(Captioned web image data)
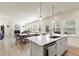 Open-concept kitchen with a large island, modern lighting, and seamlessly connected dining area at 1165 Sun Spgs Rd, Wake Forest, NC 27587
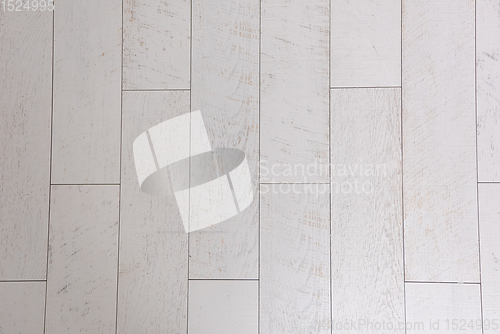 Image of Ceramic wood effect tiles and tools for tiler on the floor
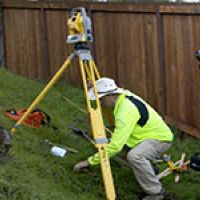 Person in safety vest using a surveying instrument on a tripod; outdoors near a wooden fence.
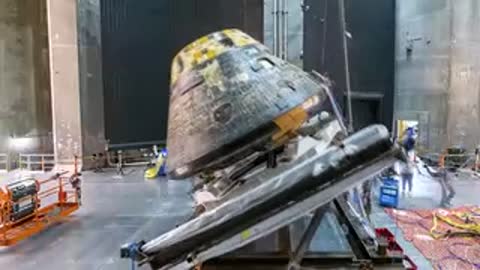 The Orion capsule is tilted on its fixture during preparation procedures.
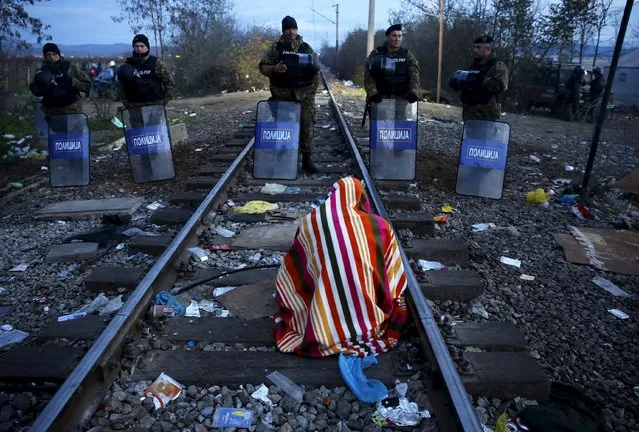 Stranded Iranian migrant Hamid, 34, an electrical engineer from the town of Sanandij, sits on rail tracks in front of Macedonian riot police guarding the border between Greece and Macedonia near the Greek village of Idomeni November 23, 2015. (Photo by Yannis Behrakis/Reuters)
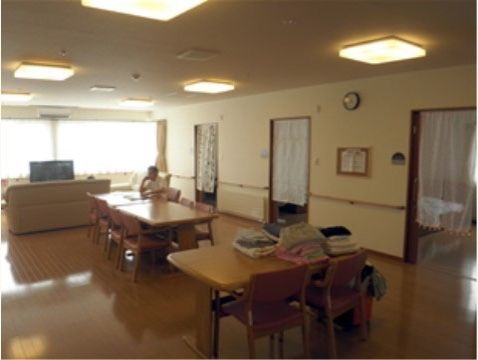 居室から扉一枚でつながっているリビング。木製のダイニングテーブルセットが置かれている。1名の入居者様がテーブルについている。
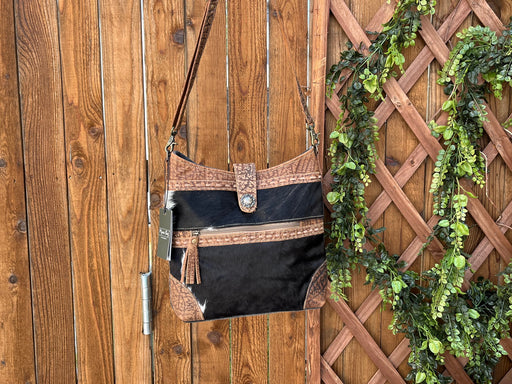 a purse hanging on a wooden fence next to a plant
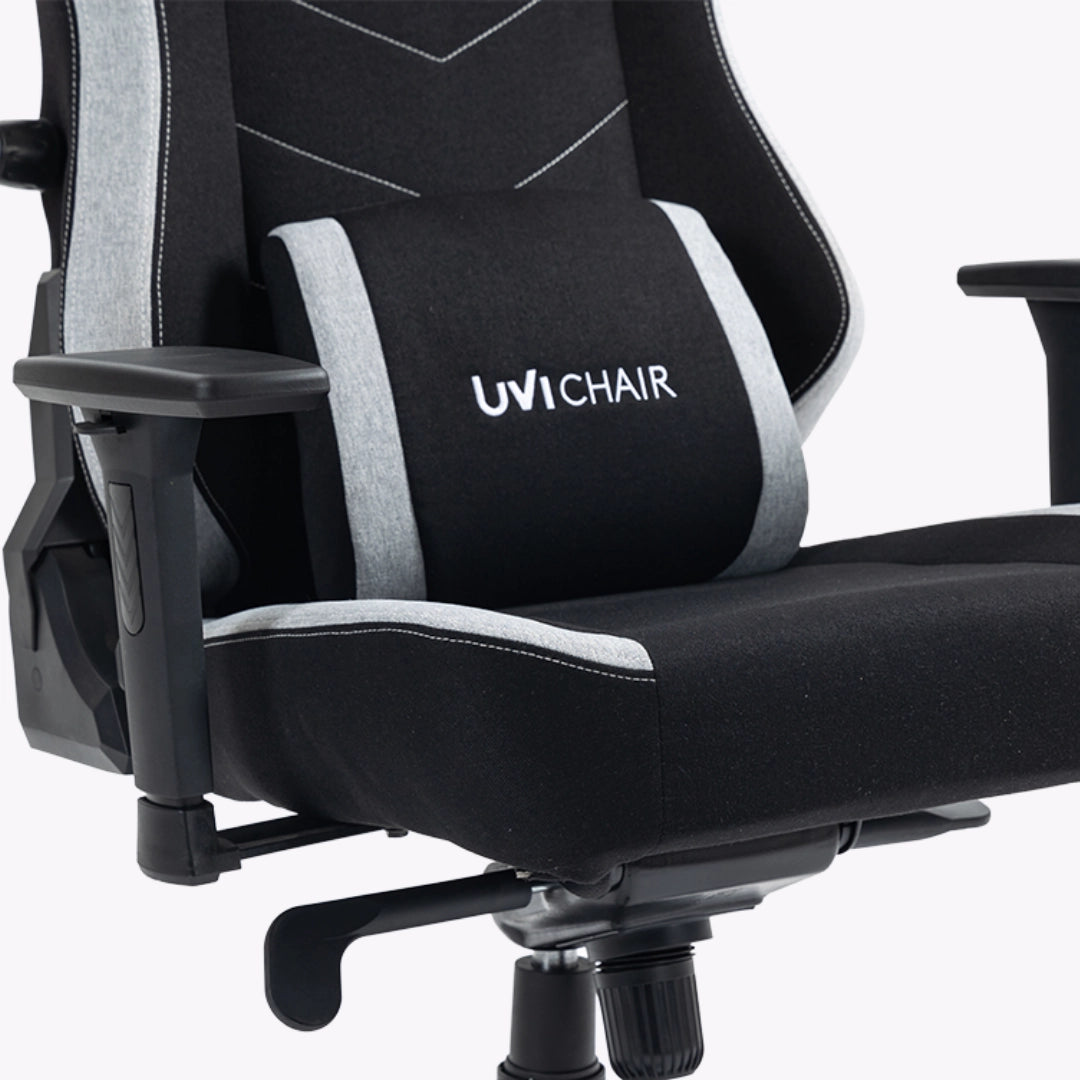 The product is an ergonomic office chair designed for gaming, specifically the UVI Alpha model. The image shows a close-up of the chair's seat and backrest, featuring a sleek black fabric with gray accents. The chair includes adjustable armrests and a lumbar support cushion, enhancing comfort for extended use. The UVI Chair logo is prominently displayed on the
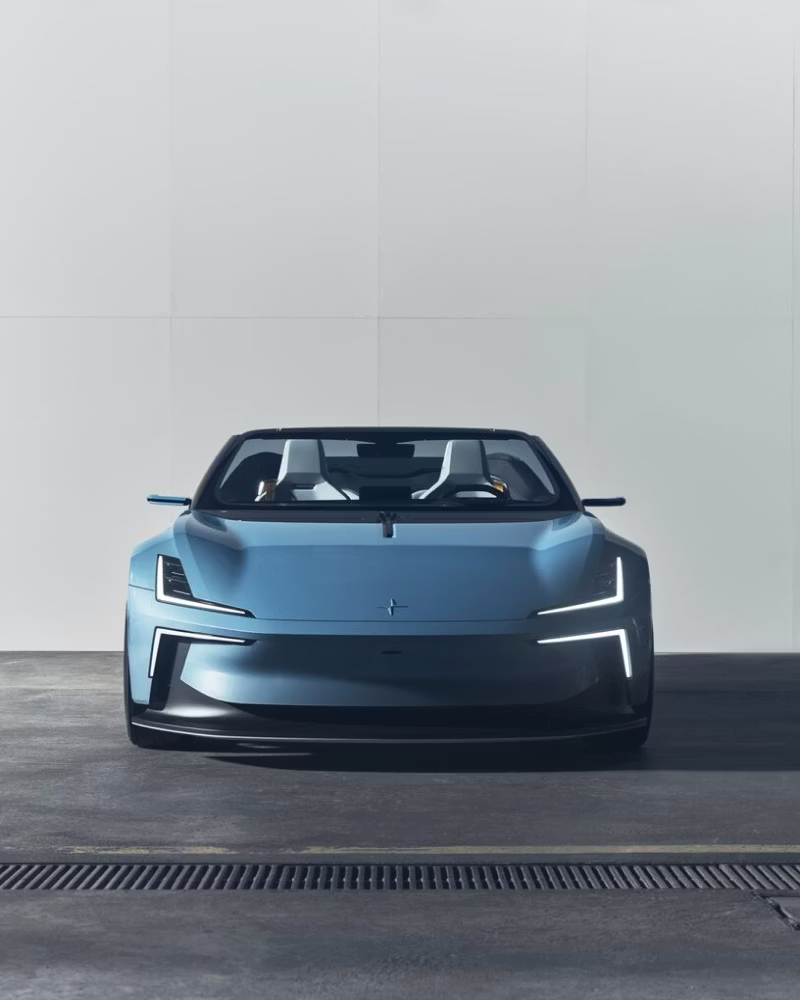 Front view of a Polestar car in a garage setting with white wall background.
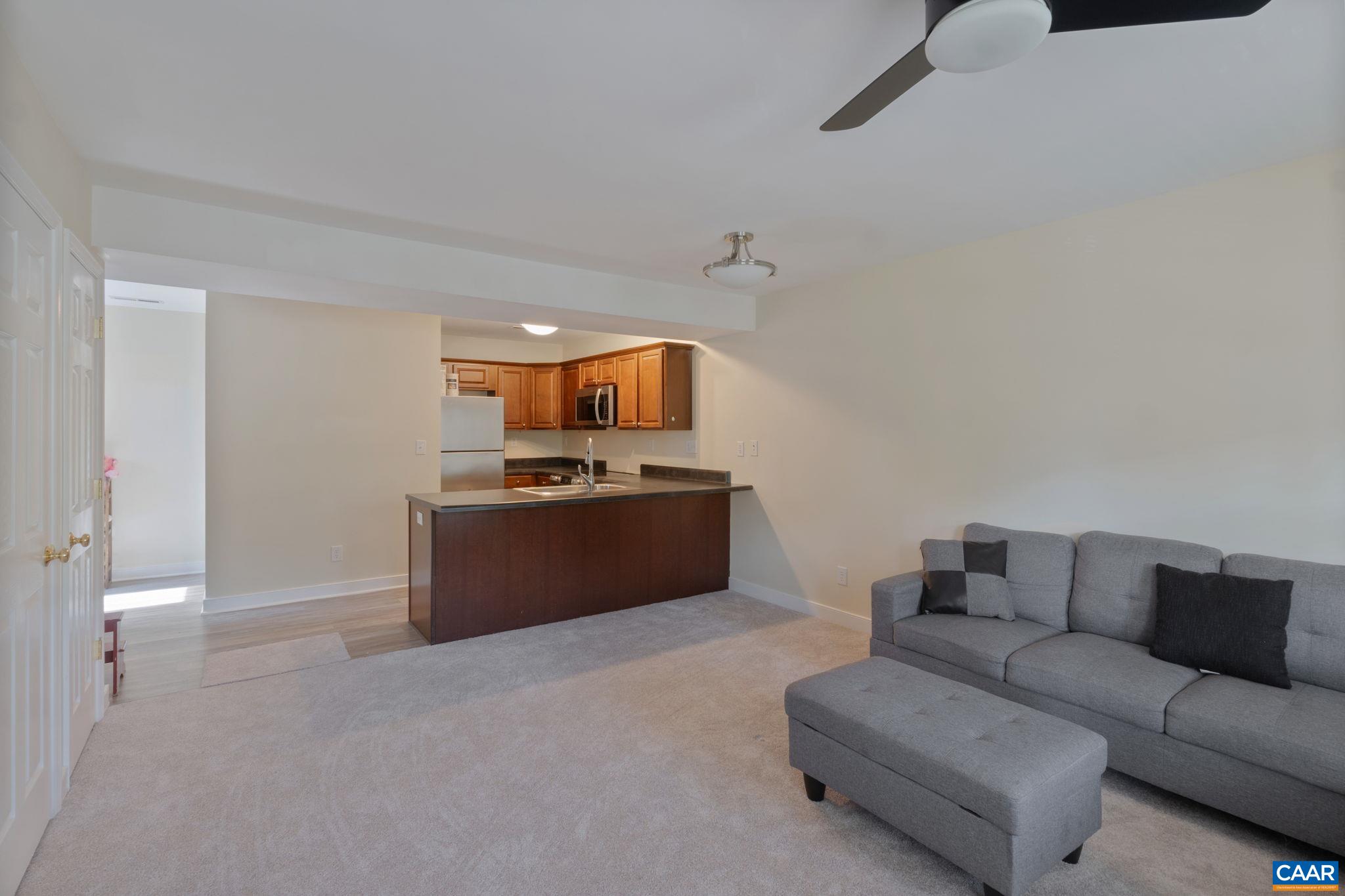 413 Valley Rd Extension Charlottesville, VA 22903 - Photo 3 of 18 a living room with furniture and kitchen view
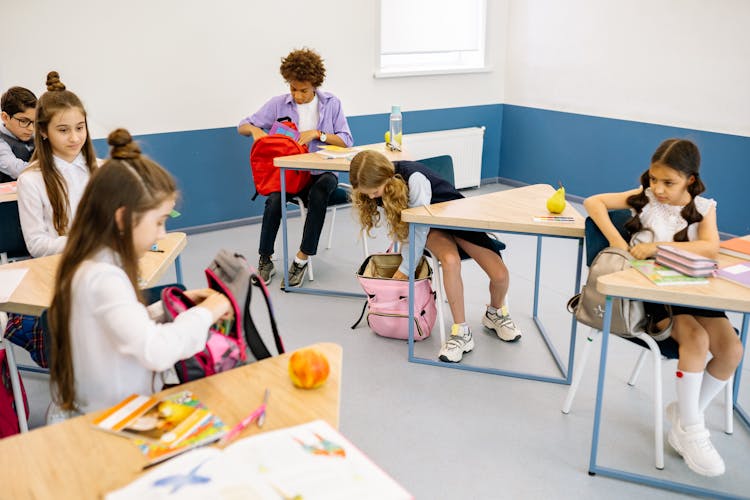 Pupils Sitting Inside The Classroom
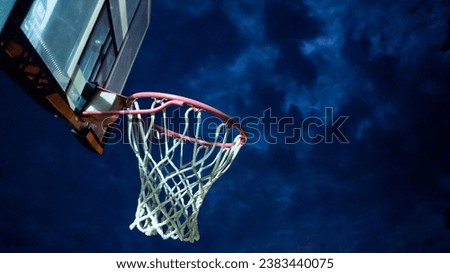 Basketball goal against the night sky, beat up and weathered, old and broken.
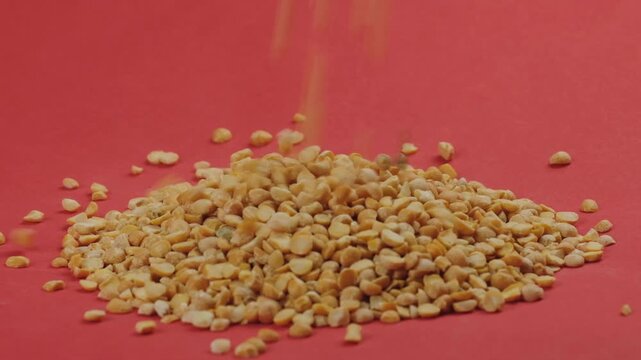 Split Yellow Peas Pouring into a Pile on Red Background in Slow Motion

**Required work:**
Write out the lines above from the one with "Image of Ceramic" through the one with "The Orion capsule", ends included, exactly; no picture goes in.

**Task result:**
 Image of Ceramic wood effect tiles and tools for tiler on the floor
 Person in safety vest using a surveying instrument on a tripod; outdoors near a wooden fence.
 The Orion capsule is tilted on its fixture during preparation procedures.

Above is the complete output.